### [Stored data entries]
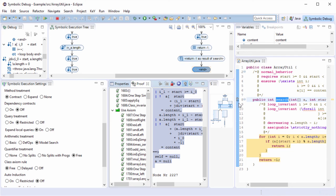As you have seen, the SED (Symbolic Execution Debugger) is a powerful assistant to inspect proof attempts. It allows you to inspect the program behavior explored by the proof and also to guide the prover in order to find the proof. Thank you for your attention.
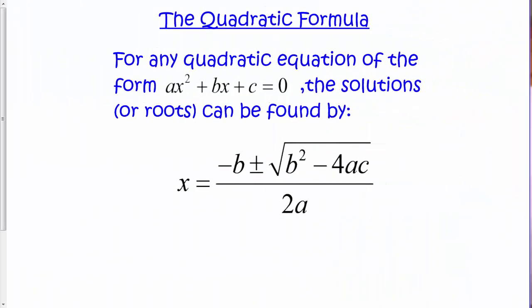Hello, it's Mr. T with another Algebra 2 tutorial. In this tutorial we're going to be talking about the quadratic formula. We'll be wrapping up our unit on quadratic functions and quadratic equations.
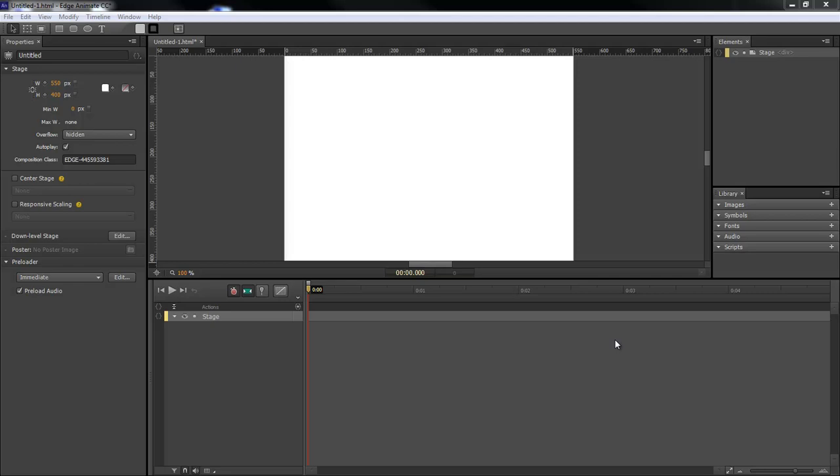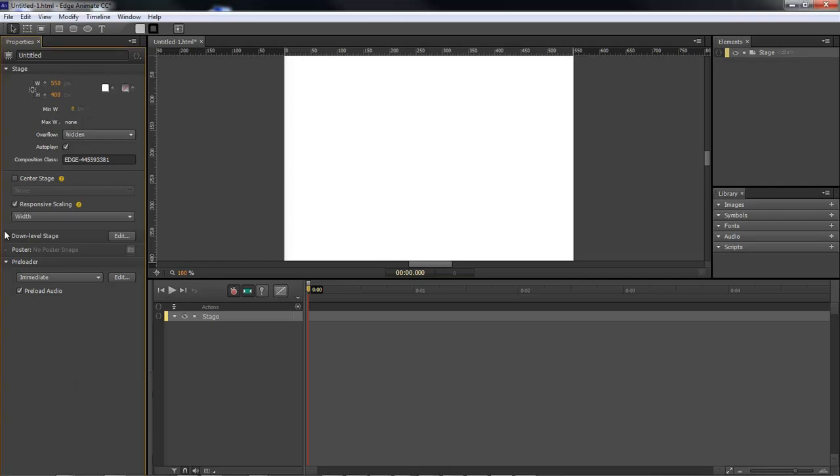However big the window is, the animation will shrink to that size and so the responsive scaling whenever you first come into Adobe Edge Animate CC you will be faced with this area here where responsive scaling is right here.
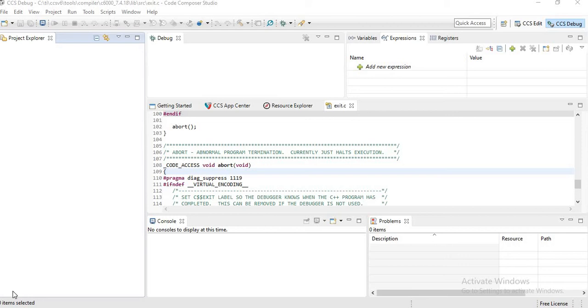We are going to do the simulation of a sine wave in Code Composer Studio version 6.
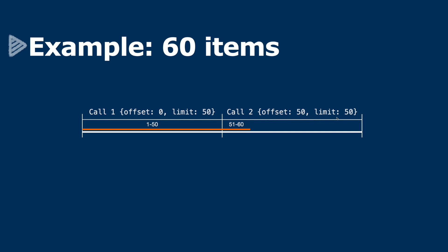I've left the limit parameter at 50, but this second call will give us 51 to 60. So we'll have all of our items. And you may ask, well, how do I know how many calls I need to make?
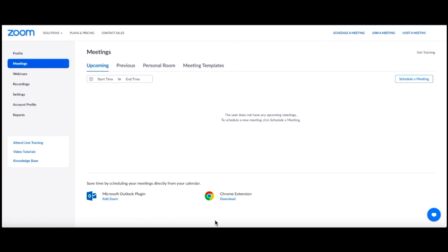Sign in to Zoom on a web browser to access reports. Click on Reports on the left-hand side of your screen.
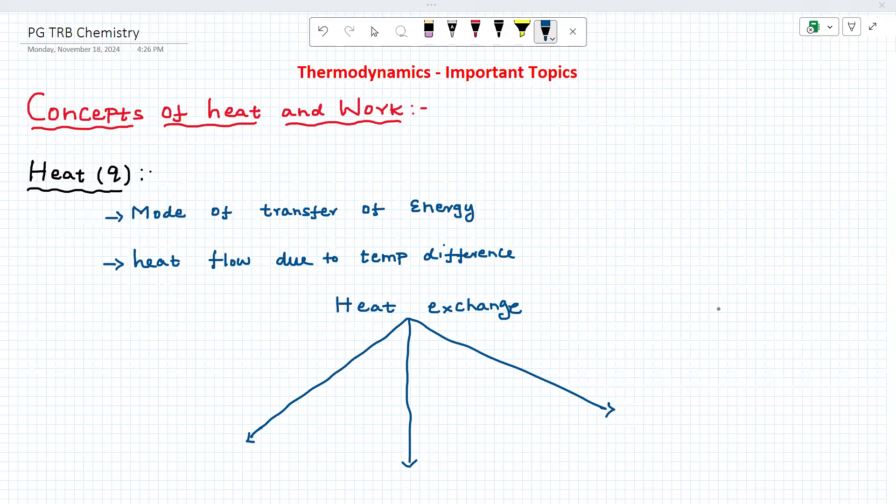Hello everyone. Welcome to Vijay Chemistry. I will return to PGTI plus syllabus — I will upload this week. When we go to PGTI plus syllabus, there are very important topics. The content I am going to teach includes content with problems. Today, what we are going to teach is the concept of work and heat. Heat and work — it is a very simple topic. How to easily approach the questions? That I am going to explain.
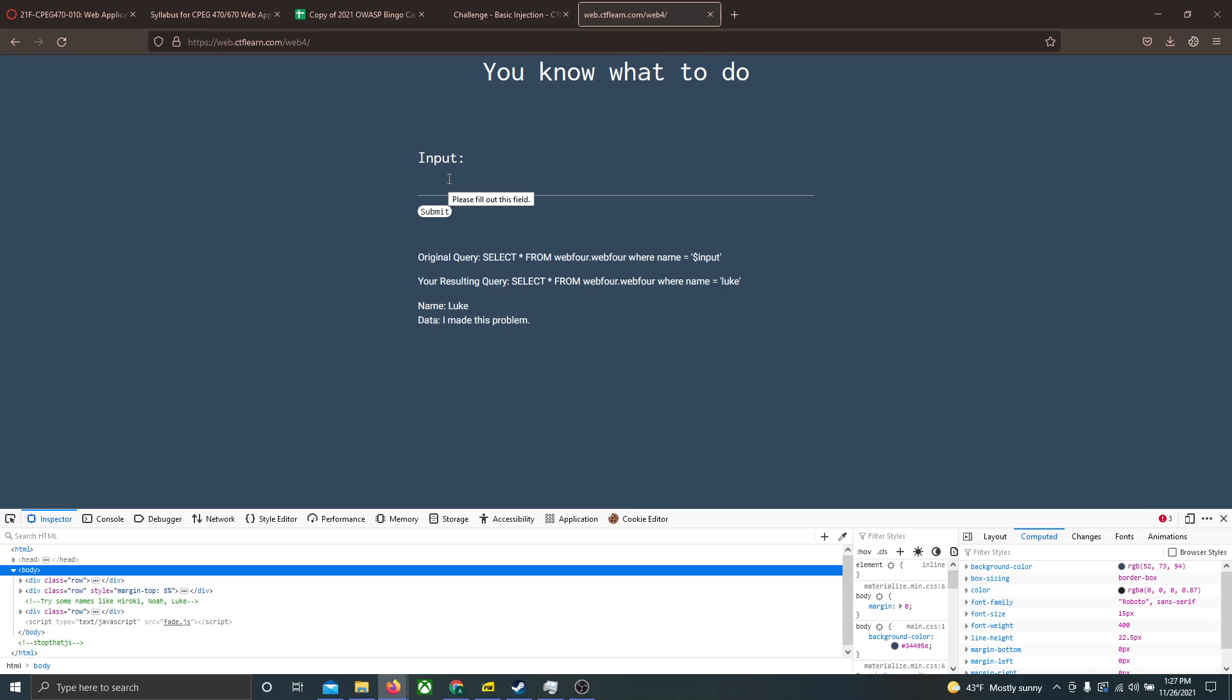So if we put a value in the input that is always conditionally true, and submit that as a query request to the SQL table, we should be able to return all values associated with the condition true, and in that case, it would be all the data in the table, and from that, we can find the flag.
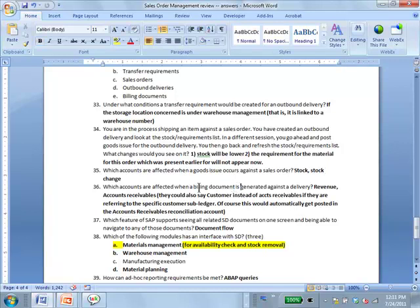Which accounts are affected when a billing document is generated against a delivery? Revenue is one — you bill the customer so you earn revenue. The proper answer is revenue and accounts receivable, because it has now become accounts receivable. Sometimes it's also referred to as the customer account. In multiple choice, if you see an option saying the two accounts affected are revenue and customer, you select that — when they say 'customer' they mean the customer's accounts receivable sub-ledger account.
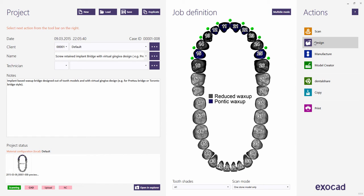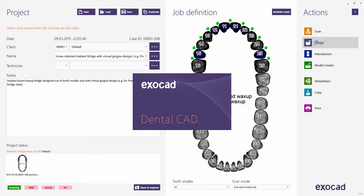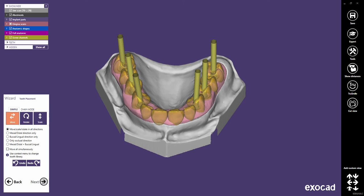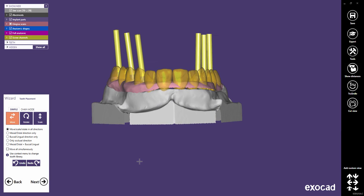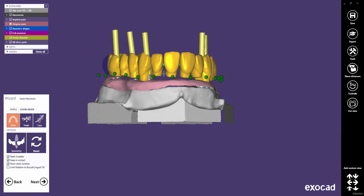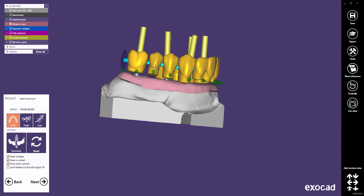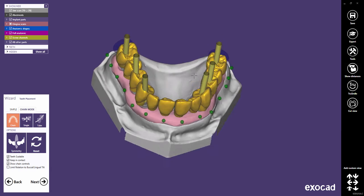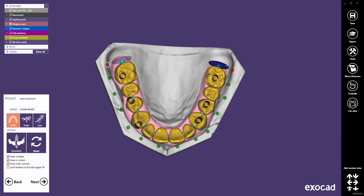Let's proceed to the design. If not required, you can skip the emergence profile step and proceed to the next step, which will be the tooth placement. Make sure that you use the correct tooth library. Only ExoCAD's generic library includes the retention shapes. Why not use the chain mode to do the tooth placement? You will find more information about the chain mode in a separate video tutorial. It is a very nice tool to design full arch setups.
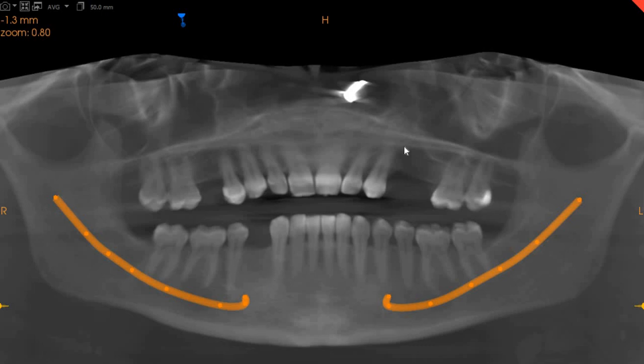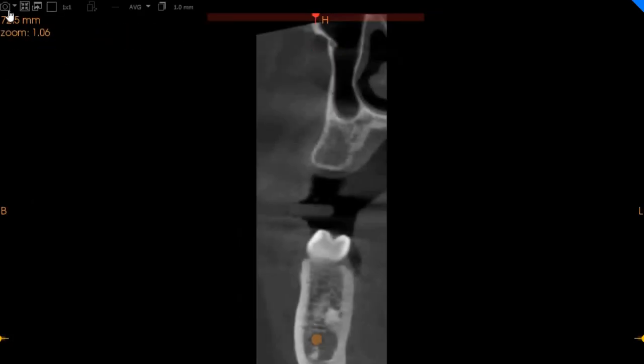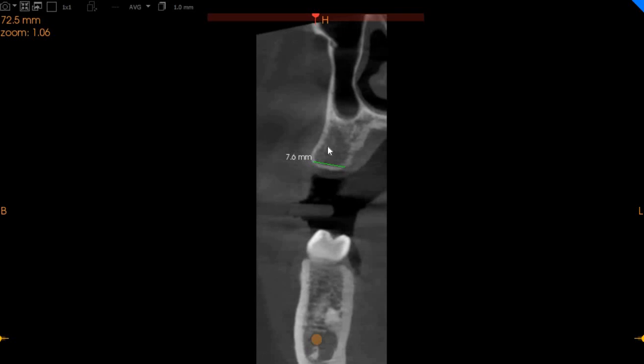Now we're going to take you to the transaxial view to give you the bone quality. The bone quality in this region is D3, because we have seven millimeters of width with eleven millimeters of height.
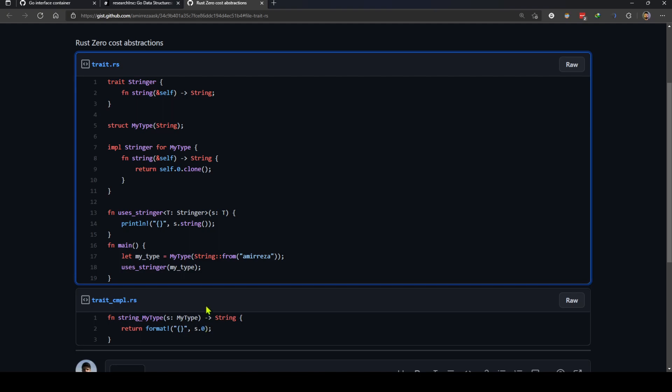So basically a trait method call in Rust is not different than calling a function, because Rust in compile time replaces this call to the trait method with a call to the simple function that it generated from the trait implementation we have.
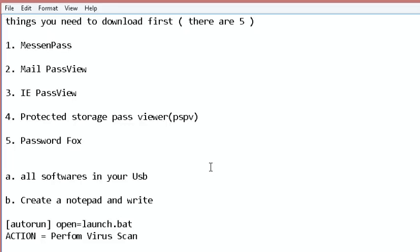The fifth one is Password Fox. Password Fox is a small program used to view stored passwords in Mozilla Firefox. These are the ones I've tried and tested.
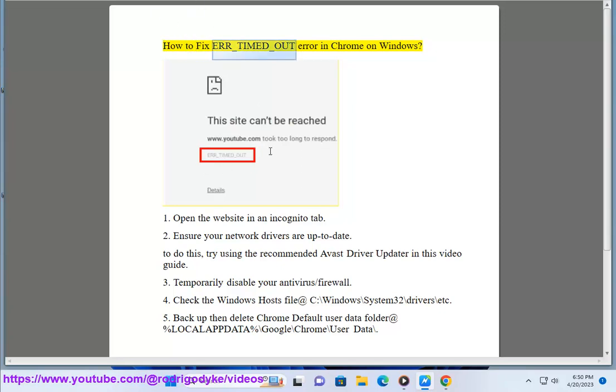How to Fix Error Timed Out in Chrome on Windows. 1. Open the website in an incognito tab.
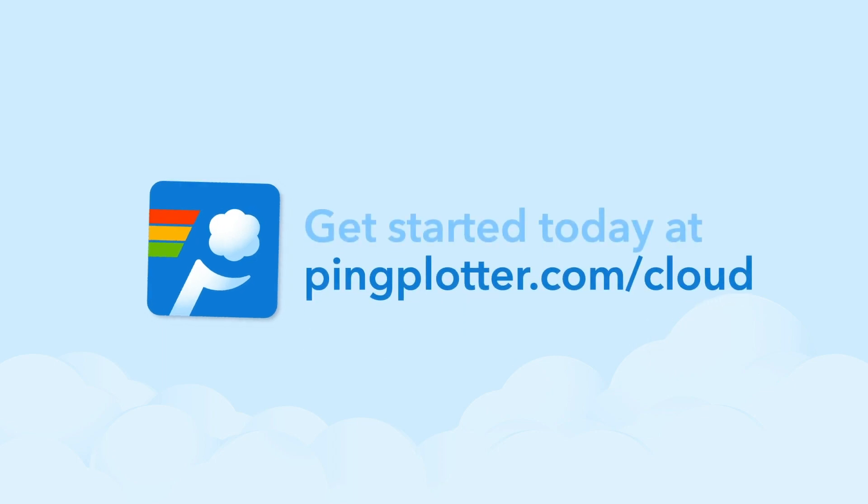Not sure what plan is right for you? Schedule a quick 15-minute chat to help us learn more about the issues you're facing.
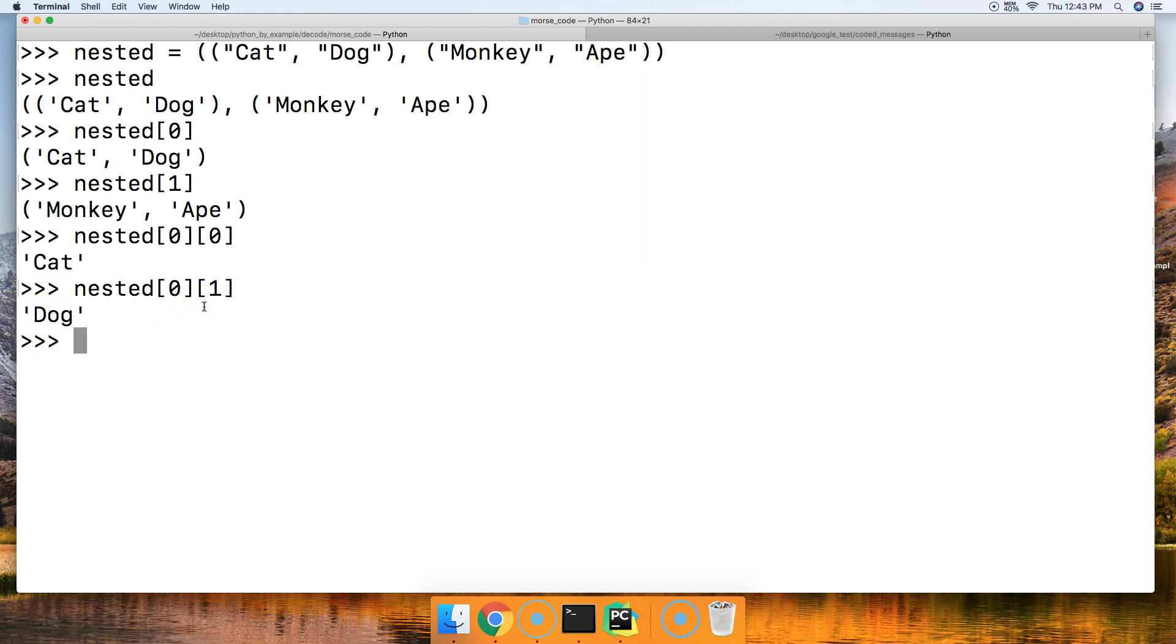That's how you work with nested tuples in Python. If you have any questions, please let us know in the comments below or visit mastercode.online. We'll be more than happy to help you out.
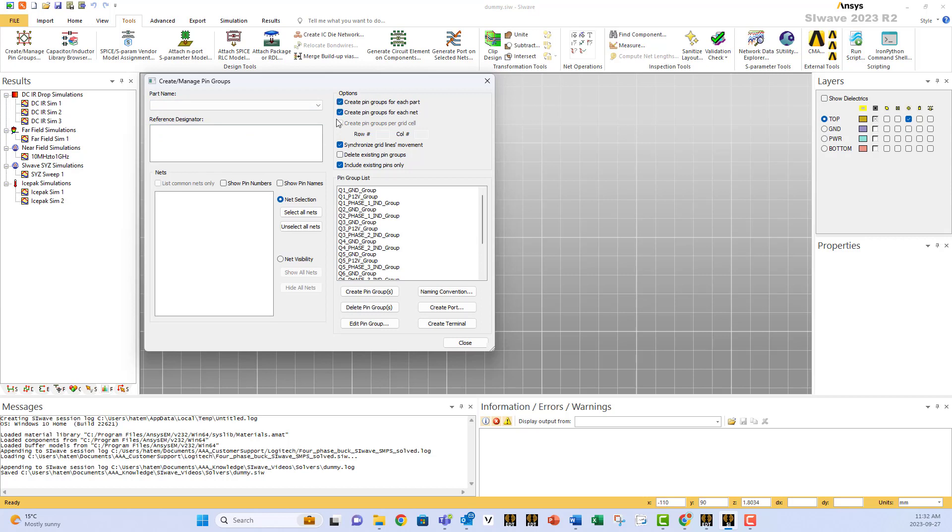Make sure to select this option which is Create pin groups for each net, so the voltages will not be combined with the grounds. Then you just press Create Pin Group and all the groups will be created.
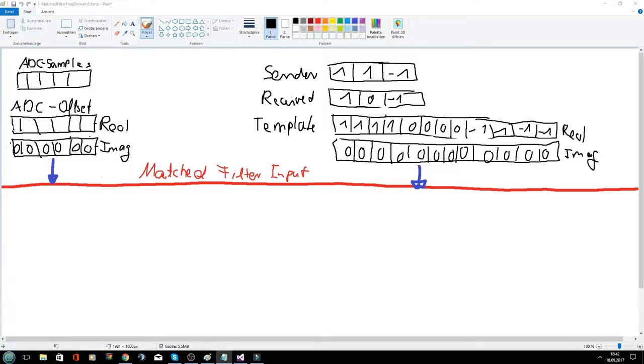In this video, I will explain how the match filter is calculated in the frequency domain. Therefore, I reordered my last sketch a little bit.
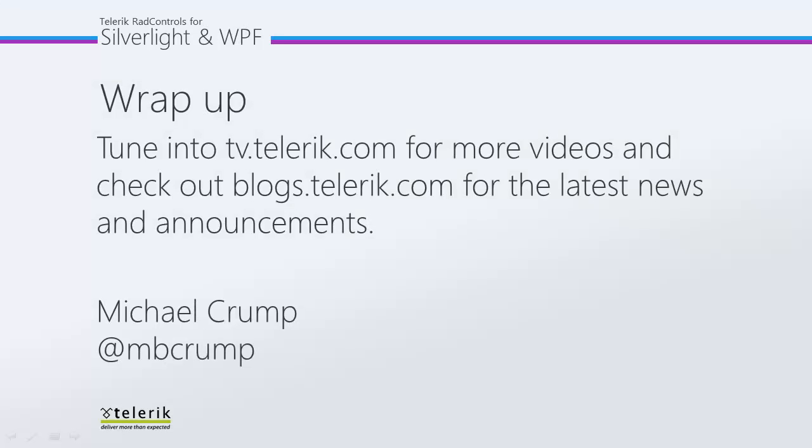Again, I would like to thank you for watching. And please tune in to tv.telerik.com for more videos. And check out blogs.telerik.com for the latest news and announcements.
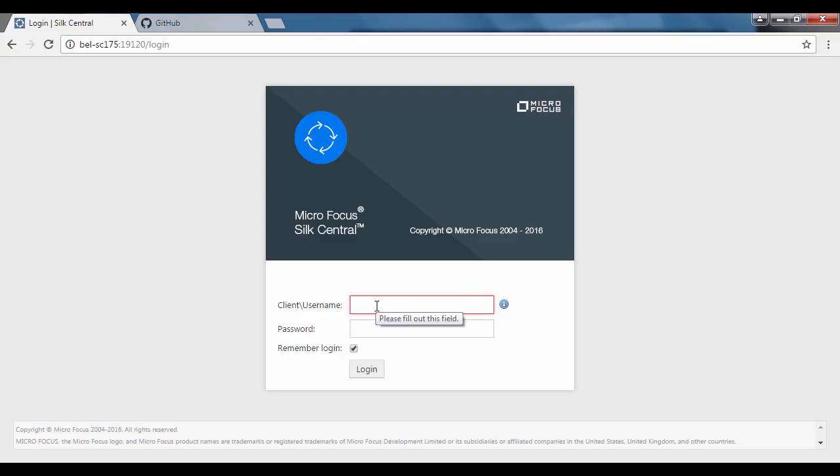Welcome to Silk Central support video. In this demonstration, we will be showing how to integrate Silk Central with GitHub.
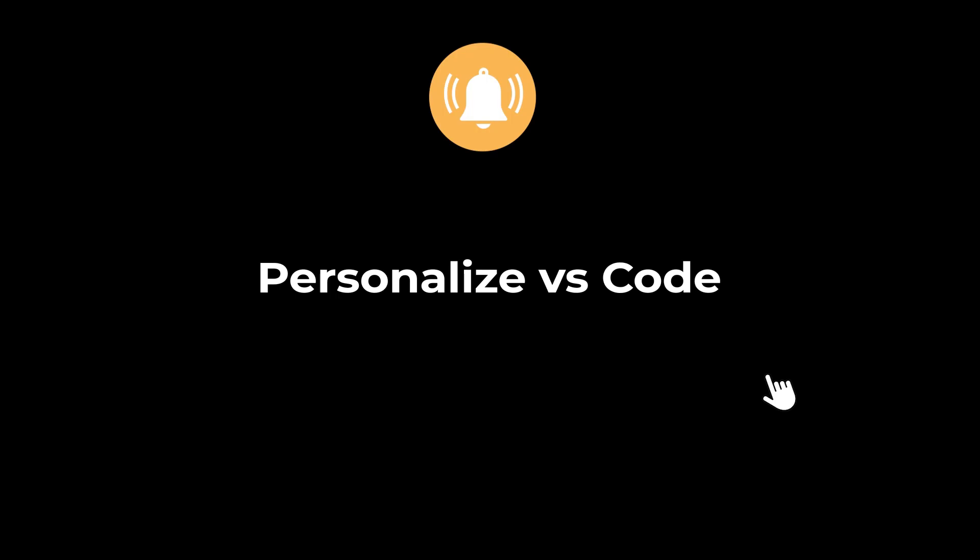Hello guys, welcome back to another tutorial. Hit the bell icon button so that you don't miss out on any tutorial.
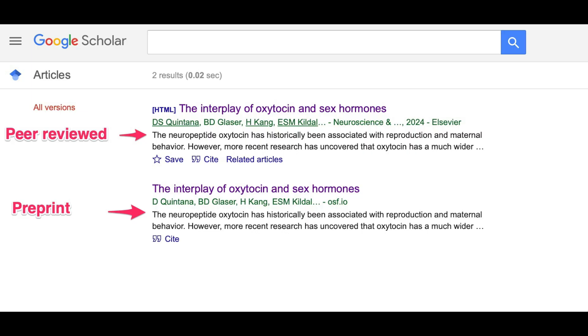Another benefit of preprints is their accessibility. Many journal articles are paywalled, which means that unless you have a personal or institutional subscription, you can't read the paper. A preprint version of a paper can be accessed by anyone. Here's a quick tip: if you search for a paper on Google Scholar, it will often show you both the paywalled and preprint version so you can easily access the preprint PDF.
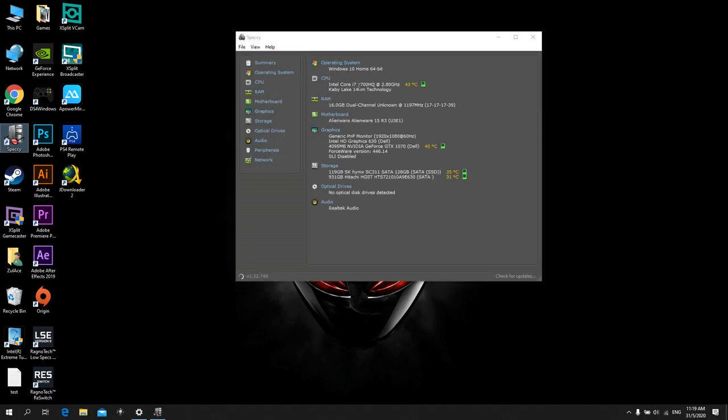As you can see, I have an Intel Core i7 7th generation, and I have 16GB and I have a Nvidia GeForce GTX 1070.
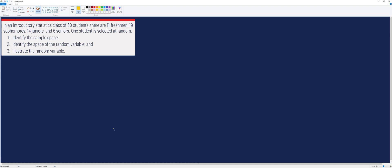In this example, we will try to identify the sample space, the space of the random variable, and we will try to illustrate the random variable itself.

### [Task prompt]
Return exactly the stretch above whose first line contains "The fifth one" and whose last line contains "Hello guys, welcome", and nothing outside it. The pictures should not appear.

### [Solution to the problem]
The fifth one is Password Fox. Password Fox is a small program used to view stored passwords in Mozilla Firefox. These are the ones I've tried and tested.
How to Fix Error Timed Out in Chrome on Windows. 1. Open the website in an incognito tab.
Not sure what plan is right for you? Schedule a quick 15-minute chat to help us learn more about the issues you're facing.
That's how you work with nested tuples in Python. If you have any questions, please let us know in the comments below or visit mastercode.online. We'll be more than happy to help you out.
Make sure to select this option which is Create pin groups for each net, so the voltages will not be combined with the grounds. Then you just press Create Pin Group and all the groups will be created.
In this video, I will explain how the match filter is calculated in the frequency domain. Therefore, I reordered my last sketch a little bit.
Again, I would like to thank you for watching. And please tune in to tv.telerik.com for more videos. And check out blogs.telerik.com for the latest news and announcements.
Welcome to Silk Central support video. In this demonstration, we will be showing how to integrate Silk Central with GitHub.
Hello guys, welcome back to another tutorial. Hit the bell icon button so that you don't miss out on any tutorial.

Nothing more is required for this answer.